Anonymous
Post 09/23/2025 12:32     Subject: Financing home purchase in retirement

Thanks for posting, OP. This discussion has been very informative. DH and I are in our mid 40s with similar aspirations of rebuilding on our lot or a massive gut reno at some point (who knows when or if we can even swing it). This post really has us thinking about which direction we should go in and when.

As a person who is actively managing our investments, your retirement portfolio built entirely on index funds is incredibly impressive. I was just thinking that we will need to start moving a small portion of our funds into bonds soon before the last of the interest rate cuts, but hell I am changing that strategy to index funds for the most part! Thanks again and keep living your best life, don’t be bothered with any hate!
Anonymous
Post 09/21/2025 12:55     Subject: Financing home purchase in retirement

Anonymous wrote:
Anonymous wrote:I've stopped maxing my 401K in my 40s for exactly this issue. My money is going elsewhere.

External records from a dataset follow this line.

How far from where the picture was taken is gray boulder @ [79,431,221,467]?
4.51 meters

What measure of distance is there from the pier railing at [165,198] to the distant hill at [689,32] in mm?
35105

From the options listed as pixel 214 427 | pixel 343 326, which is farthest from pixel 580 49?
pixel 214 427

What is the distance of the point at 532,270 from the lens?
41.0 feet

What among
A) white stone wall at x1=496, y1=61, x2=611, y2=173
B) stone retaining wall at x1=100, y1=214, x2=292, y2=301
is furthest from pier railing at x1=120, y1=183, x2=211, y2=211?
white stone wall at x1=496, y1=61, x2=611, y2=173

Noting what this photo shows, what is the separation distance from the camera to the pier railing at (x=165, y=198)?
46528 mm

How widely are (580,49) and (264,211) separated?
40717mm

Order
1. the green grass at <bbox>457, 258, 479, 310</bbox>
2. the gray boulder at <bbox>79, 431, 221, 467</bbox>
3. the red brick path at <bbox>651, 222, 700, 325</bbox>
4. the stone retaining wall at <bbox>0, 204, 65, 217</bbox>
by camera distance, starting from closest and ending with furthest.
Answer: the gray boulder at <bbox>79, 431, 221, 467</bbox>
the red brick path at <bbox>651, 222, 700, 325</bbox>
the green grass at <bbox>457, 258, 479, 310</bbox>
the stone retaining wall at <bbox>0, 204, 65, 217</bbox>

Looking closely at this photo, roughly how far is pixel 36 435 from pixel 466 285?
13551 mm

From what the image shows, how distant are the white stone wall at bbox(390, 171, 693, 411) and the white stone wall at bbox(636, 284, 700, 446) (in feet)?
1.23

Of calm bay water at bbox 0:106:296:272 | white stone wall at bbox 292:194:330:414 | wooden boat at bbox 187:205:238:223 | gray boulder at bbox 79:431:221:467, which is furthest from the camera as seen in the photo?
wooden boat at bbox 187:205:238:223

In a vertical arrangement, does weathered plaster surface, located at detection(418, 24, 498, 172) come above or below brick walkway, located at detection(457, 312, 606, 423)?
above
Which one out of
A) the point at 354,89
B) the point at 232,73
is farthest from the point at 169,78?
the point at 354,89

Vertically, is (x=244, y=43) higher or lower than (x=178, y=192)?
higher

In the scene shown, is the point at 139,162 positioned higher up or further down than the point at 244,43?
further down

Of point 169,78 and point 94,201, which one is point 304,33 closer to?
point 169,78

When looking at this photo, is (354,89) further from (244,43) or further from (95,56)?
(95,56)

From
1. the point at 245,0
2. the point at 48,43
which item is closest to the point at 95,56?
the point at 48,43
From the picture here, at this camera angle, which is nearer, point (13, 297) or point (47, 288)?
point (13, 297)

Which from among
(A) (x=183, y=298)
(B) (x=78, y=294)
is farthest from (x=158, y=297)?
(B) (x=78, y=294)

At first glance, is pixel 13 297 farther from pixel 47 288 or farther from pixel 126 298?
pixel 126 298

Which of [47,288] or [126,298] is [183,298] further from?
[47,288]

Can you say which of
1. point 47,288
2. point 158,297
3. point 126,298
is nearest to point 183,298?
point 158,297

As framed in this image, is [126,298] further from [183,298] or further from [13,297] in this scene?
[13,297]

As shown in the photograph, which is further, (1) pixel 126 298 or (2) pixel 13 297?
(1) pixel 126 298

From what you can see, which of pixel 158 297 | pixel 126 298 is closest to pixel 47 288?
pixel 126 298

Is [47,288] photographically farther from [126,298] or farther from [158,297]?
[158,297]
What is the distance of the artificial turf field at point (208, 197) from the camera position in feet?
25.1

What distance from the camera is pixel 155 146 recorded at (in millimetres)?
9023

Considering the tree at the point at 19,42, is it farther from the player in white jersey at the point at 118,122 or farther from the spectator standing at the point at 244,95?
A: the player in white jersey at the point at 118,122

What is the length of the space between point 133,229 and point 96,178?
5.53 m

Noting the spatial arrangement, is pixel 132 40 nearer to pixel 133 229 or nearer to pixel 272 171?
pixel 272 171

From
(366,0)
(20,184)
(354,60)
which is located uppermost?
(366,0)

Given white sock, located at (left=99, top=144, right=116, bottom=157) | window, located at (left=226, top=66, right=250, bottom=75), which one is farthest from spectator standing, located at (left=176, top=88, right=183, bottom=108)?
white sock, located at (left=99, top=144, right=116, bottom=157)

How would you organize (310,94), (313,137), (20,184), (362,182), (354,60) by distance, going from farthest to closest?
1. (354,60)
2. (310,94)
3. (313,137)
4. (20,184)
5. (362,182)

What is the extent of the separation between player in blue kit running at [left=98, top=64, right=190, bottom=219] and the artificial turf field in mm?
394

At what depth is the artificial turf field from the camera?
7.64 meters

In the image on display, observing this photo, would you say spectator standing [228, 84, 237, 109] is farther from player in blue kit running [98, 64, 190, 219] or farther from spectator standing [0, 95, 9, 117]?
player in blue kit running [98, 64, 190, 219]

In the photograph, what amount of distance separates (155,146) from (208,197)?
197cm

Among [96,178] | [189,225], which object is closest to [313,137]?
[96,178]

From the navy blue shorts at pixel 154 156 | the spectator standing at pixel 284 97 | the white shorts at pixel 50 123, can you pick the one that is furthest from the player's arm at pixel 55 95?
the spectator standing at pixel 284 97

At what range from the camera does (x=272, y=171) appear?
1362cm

That said, you should get a mortgage, and you will have no trouble getting one with your asset position, on top of other retirement benefits.


OP here. What tax bracket are you in though? We are in the 37% bracket usually plus high state income tax. We have been for probably 15 years. We also plan to start Roth conversations filling the 24% tax bracket as soon as we retire. We plan to wait to 70 for SS.

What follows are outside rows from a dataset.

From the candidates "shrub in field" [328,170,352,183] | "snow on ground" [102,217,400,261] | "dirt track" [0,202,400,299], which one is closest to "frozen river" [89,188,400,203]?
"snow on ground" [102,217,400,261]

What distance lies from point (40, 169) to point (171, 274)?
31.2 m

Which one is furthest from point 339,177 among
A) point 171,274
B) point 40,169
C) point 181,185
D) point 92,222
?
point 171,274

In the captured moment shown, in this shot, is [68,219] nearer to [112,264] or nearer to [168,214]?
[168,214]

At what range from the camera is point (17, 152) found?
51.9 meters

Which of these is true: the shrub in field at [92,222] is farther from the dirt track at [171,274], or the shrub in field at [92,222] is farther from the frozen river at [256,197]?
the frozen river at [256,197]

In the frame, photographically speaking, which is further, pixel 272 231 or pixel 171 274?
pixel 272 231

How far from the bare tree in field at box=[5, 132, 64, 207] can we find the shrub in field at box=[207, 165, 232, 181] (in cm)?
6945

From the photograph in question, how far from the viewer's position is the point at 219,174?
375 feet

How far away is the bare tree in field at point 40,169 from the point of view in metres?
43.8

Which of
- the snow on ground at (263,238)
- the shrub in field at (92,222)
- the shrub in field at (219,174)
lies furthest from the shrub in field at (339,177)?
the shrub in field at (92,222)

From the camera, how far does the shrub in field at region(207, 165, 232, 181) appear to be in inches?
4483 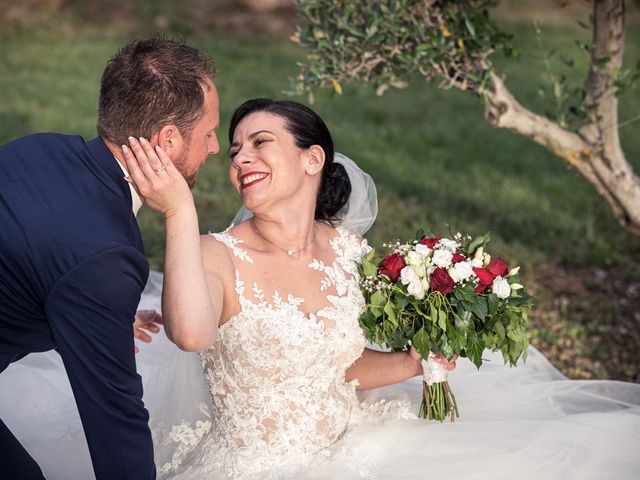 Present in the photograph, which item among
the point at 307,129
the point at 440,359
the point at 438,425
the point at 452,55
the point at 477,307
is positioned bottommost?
the point at 438,425

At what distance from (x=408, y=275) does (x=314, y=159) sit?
0.70 meters

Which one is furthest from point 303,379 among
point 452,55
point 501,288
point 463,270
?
point 452,55

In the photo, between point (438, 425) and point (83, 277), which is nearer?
point (83, 277)

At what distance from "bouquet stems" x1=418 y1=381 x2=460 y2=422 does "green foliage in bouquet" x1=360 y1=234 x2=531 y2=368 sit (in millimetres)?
270

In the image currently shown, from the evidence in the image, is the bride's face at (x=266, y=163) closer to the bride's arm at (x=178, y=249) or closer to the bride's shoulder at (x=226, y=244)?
the bride's shoulder at (x=226, y=244)

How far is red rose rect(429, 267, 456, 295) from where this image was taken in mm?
3934

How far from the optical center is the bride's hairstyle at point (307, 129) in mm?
4141

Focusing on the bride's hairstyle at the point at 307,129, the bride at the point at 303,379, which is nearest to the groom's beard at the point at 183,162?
the bride at the point at 303,379

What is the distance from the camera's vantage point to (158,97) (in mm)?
3170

I think about stopping the 401k contributions above match now. At least I would be paying that taxes now. But honestly I don’t think it moves the needle much given that the returns in our 401ks have been far exceeding any annual contributions.

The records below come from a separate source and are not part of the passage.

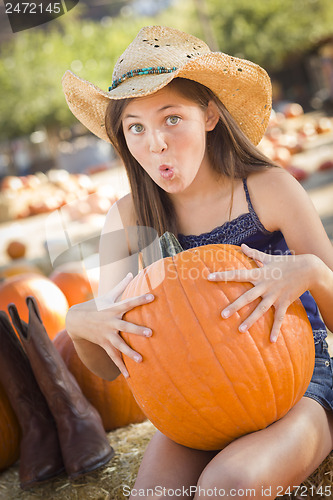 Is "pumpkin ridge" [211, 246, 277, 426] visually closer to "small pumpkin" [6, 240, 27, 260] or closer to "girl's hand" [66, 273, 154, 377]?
"girl's hand" [66, 273, 154, 377]

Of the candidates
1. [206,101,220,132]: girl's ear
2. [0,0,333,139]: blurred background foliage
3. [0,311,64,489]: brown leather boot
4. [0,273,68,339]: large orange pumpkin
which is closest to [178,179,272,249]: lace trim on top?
[206,101,220,132]: girl's ear

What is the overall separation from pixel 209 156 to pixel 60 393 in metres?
1.10

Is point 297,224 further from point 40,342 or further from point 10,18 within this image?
point 10,18

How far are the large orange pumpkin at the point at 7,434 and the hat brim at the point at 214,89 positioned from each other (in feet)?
4.00

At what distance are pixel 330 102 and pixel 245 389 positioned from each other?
17829 mm

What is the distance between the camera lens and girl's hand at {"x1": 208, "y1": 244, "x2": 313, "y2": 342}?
5.07ft

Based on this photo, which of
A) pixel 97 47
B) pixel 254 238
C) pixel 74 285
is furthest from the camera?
pixel 97 47

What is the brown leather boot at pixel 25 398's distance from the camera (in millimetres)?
2227

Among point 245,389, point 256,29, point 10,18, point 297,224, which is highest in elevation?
point 256,29

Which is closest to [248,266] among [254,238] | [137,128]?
[254,238]

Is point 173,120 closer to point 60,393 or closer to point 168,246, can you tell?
point 168,246

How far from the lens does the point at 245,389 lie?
1551 mm

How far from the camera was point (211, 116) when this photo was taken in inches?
82.0

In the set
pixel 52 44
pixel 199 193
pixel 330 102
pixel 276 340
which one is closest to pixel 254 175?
pixel 199 193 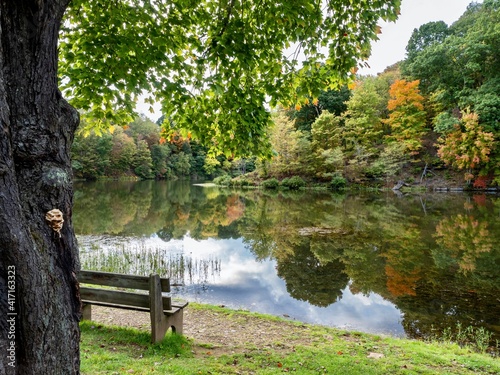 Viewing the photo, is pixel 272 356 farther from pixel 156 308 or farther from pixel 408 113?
pixel 408 113

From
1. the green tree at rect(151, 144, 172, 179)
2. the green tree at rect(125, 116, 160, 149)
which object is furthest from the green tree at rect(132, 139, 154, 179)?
the green tree at rect(125, 116, 160, 149)

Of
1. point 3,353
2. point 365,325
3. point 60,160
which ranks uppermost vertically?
point 60,160

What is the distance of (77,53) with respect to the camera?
12.6ft

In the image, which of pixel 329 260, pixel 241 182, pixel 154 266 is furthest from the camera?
pixel 241 182

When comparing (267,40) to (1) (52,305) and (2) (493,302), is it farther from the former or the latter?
(2) (493,302)

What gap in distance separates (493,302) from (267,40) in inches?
276

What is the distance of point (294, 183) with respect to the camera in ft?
114

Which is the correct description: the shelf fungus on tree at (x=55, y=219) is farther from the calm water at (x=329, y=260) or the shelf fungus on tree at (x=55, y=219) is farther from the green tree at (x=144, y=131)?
the green tree at (x=144, y=131)

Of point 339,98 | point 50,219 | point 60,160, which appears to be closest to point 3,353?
point 50,219

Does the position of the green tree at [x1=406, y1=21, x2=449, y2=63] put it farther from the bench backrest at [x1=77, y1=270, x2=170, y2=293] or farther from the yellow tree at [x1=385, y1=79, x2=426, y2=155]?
the bench backrest at [x1=77, y1=270, x2=170, y2=293]

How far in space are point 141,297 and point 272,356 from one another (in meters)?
1.81

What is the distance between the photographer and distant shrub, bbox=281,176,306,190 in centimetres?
3459

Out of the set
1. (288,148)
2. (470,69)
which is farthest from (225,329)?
(470,69)

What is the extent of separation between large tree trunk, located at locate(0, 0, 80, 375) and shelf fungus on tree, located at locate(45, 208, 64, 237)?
0.7 inches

I don't mean to be rude, but if you've been at 37% for 15 years then you have a spending/saving problem that will eat you alive in retirement if you don't make some serious changes. At that income level your savings should be WAY more. Your taxable accounts should be WAY higher. You've been taking home AT LEAST $400k/yr for @15 years. Even maxing out pretax withholding you're at $300k take home. Your spending is very high. If you don't make some changes that savings won't last long.